Constituency details
- Country: India
- Region: North India
- State: Uttar Pradesh
- District: Shahjahanpur
- Lok Sabha constituency: Shahjahanpur
- Established: 1967
- Total electors: 3,55,882 (2022)
- Reservation: None

Member of Legislative Assembly
- 18th Uttar Pradesh Legislative Assembly
- Incumbent Arvind Kumar Singh
- Party: BJP
- Elected year: 2024

= Dadraul Assembly constituency =

Constituency of the Uttar Pradesh legislative assembly in India

Dadraul Assembly constituency is one of the 403 constituencies of the Uttar Pradesh Legislative Assembly, India. It is a part of the Shahjahanpur district and one of the five assembly constituencies in the Shahjahanpur Lok Sabha constituency.

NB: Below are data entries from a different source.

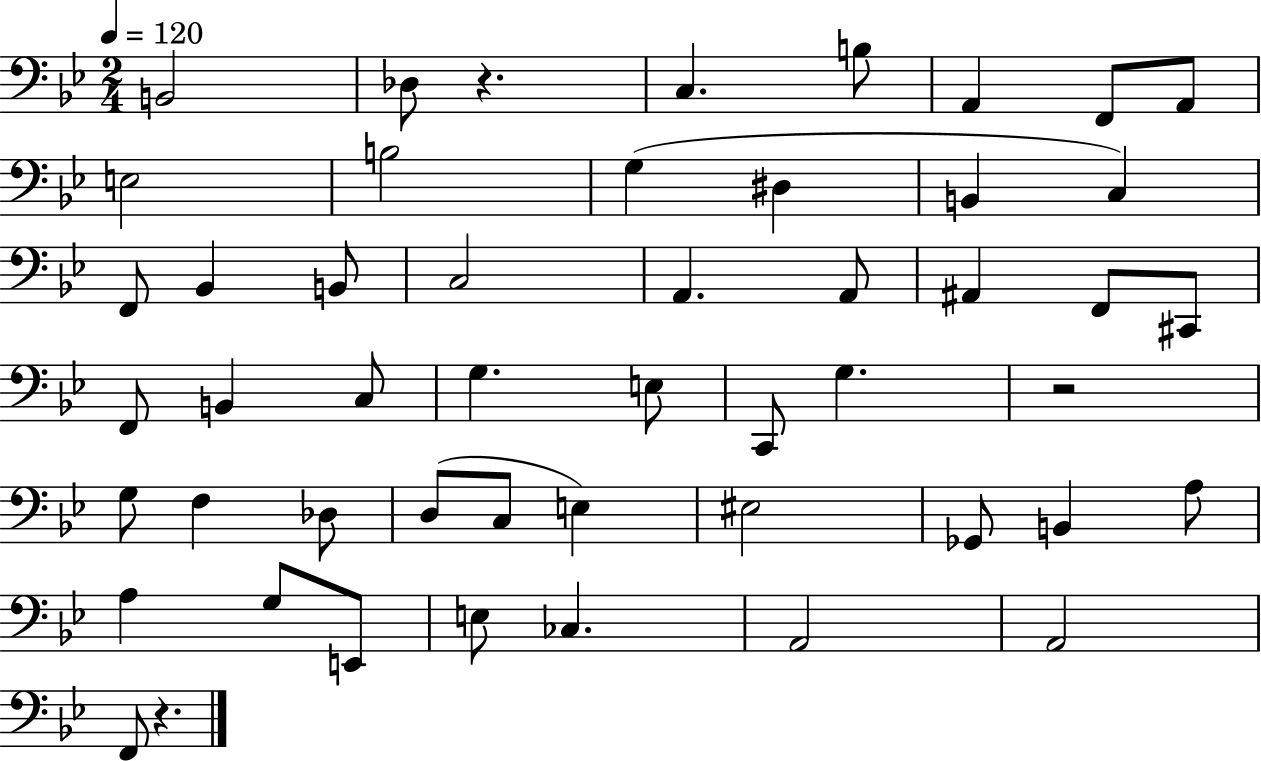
B2/h Db3/e R/q. C3/q. B3/e A2/q F2/e A2/e E3/h B3/h G3/q D#3/q B2/q C3/q F2/e Bb2/q B2/e C3/h A2/q. A2/e A#2/q F2/e C#2/e F2/e B2/q C3/e G3/q. E3/e C2/e G3/q. R/h G3/e F3/q Db3/e D3/e C3/e E3/q EIS3/h Gb2/e B2/q A3/e A3/q G3/e E2/e E3/e CES3/q. A2/h A2/h F2/e R/q.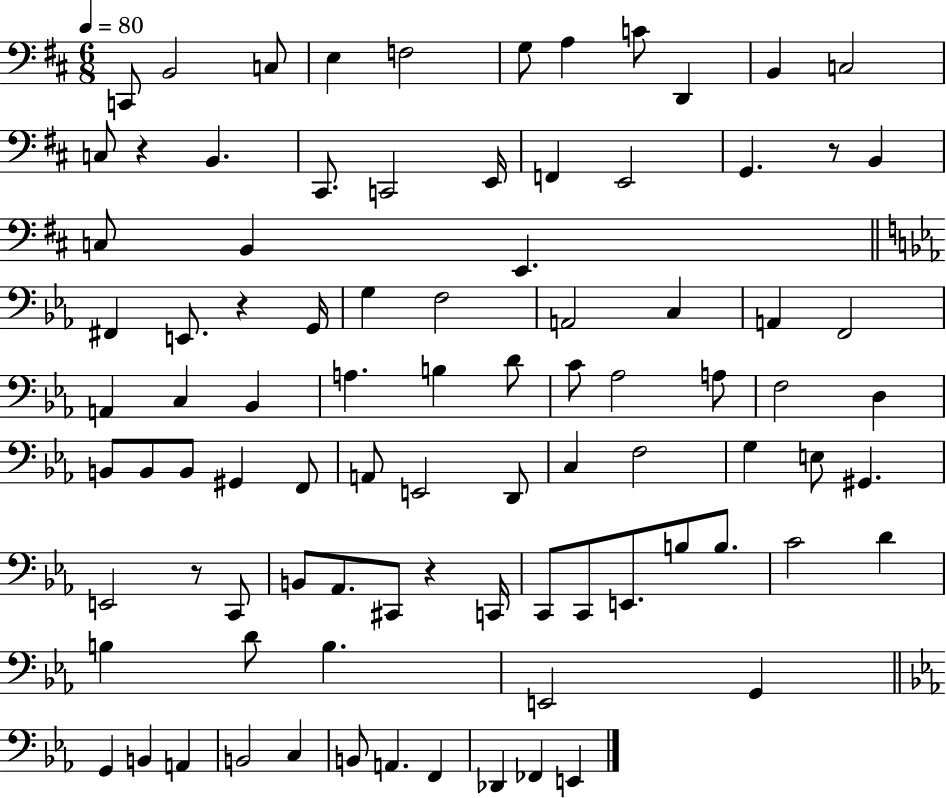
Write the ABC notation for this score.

X:1
T:Untitled
M:6/8
L:1/4
K:D
C,,/2 B,,2 C,/2 E, F,2 G,/2 A, C/2 D,, B,, C,2 C,/2 z B,, ^C,,/2 C,,2 E,,/4 F,, E,,2 G,, z/2 B,, C,/2 B,, E,, ^F,, E,,/2 z G,,/4 G, F,2 A,,2 C, A,, F,,2 A,, C, _B,, A, B, D/2 C/2 _A,2 A,/2 F,2 D, B,,/2 B,,/2 B,,/2 ^G,, F,,/2 A,,/2 E,,2 D,,/2 C, F,2 G, E,/2 ^G,, E,,2 z/2 C,,/2 B,,/2 _A,,/2 ^C,,/2 z C,,/4 C,,/2 C,,/2 E,,/2 B,/2 B,/2 C2 D B, D/2 B, E,,2 G,, G,, B,, A,, B,,2 C, B,,/2 A,, F,, _D,, _F,, E,,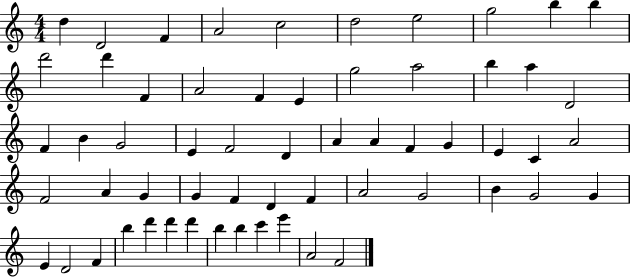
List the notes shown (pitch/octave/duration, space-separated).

D5/q D4/h F4/q A4/h C5/h D5/h E5/h G5/h B5/q B5/q D6/h D6/q F4/q A4/h F4/q E4/q G5/h A5/h B5/q A5/q D4/h F4/q B4/q G4/h E4/q F4/h D4/q A4/q A4/q F4/q G4/q E4/q C4/q A4/h F4/h A4/q G4/q G4/q F4/q D4/q F4/q A4/h G4/h B4/q G4/h G4/q E4/q D4/h F4/q B5/q D6/q D6/q D6/q B5/q B5/q C6/q E6/q A4/h F4/h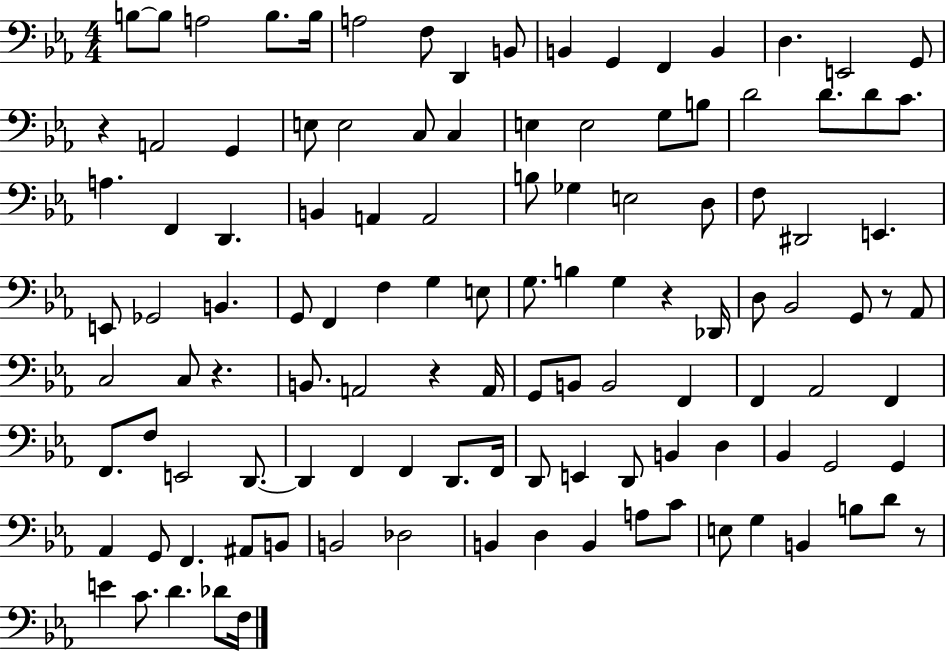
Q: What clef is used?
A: bass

First election in this assembly constituency was held in 1967 after the "DPACO (1967)" (delimitation order) was passed in 1967. After the "Delimitation of Parliamentary and Assembly Constituencies Order" was passed in 2008, the constituency was assigned identification number 136.

==Wards / Areas==
Extent of Dadraul Assembly constituency is KCs Madanapur, Kant, Jamaur, Dadraul, Sehramau Dakshini & Kant NP of Shahjahanpur Tehsil.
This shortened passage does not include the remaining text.